The warrant amendment that would have required court approval for FBI searches of Section 702 data lost by a single vote in 2024, a 212-212 tie in the House. Speaker Mike Johnson cast the tiebreaker against it.
“The Bill of Rights is not a suggestion, and Fourth Amendment protections against warrantless searches conducted by the government are not optional,” said Massie. “The Surveillance Accountability Act requires government employees to first obtain a warrant based on probable cause before searching Americans’ personal information even if the information sought is stored on a phone, in the cloud, or held by a third party. Warrantless searches are unconstitutional, and this does not change when the data the government seeks is in digital formats or held by a third party.”
“For years, the federal government has treated the Fourth Amendment like a suggestion. They’ve built a massive surveillance machine that tracks, scans, and spies on law-abiding Americans without a warrant, without probable cause, and without any accountability. Enough is enough,” said Rep. Lauren Boebert.“The Surveillance Accountability Act puts the Constitution back in charge. It protects every American from an out-of-control federal government that thinks it owns your data, your movements, and your life. This is a true bipartisan issue for anyone who still believes in limited government and individual liberty.”
Massie’s bill goes beyond Section 702. It rewrites the entire framework, or tries to. The chances of the Surveillance Accountability Act passing in its current form are, being realistic, very low. The intelligence community will fight it. The national security establishment will call it dangerous. The administration has already signaled it wants a clean FISA extension with no conditions.

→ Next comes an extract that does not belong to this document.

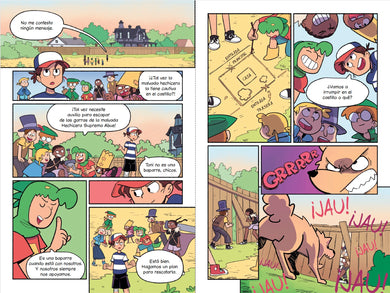 Curveball (Spanish Edition) interior 2 (ISBN 9798890982902) [onix:08c42473072eeb1ee69ff3ce1f1678c6]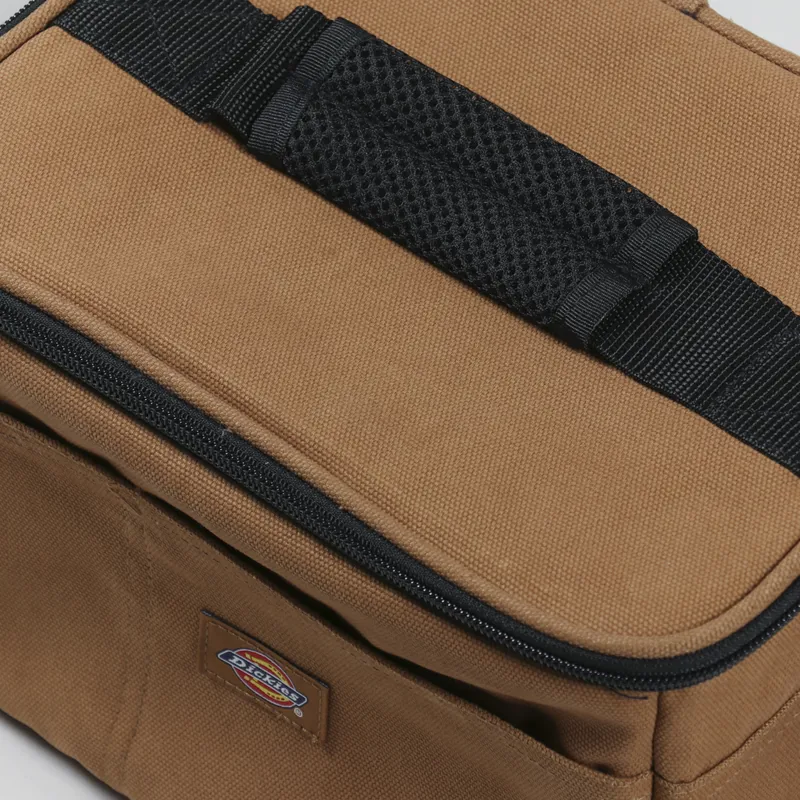 Dickies Duck Canvas Lunchbox Brown Duck-4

But the bill is a marker. It describes what actual Fourth Amendment compliance would look like if Congress took the text of the Constitution at face value. Warrants for searches. Probable cause. Judicial oversight. No exceptions for data that happens to sit on a corporate server. No loopholes for biometric surveillance conducted in plain view. And real consequences, financial ones, for agents who ignore the rules.
The gap between what the Surveillance Accountability Act proposes and what Congress is actually likely to pass tells you everything about how far the federal government has drifted from the privacy protections Americans were supposedly guaranteed 235 years ago.